ニューヨーク：マンハッタン 1958年 油彩
Canvases covered with lines that resemble scratches, black contour lines, or sharply stabbing vertical lines—these lines were the way that Bernard Buffet expressed himself. The lines are, however, in no way uniform. When did Buffet’s lines become manifest, and what did the artist try to express with these lines?
In the early works done directly after the end of the Second World War, the eye is caught by countless lines drawn in pencil and contour lines that look like any number of fine lines accumulated one on top of the other. What Buffet expressed with those painful lines corresponded impressively with the postwar atmosphere and won him the Critic’s Prize at age nineteen. Okano Kiichiro, the museum’s founder, referred to the despairing originality of Buffet’s lines. Filled with grief and despair, those lines immediately swept the world, turning him into the leading painter of his day. Instantly recognizable, these lines became synonymous with Buffet.

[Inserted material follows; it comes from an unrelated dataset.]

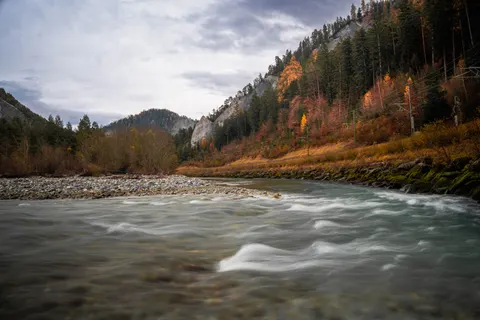 Autumn River 4K Wallpaper · nature · 3840×2560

When the postwar atmosphere eventually faded and appreciation for Buffet’s work changed, he still continued the pursuit of the lines he had made his own. Sometimes increasingly thick black lines separate “things” from the world. Sometimes a thick accumulation of lines are heaped into blobs of paint on the canvas. Sometimes the lines enclose colors that still look as if they are about to overflow. Sometimes, delicate thin lines color whole landscapes.
In the 1980s, Buffet used the lines he had so thoroughly embraced to create portraits of the unique characters in the Don Quixote story on huge canvases. Even in his last years when he was stricken with illness and unable to fully control the movement of his hands, the power of Buffet’s lines remained unchanged. This exhibition attempts to trace Buffet’s life guided by his expressive use of lines.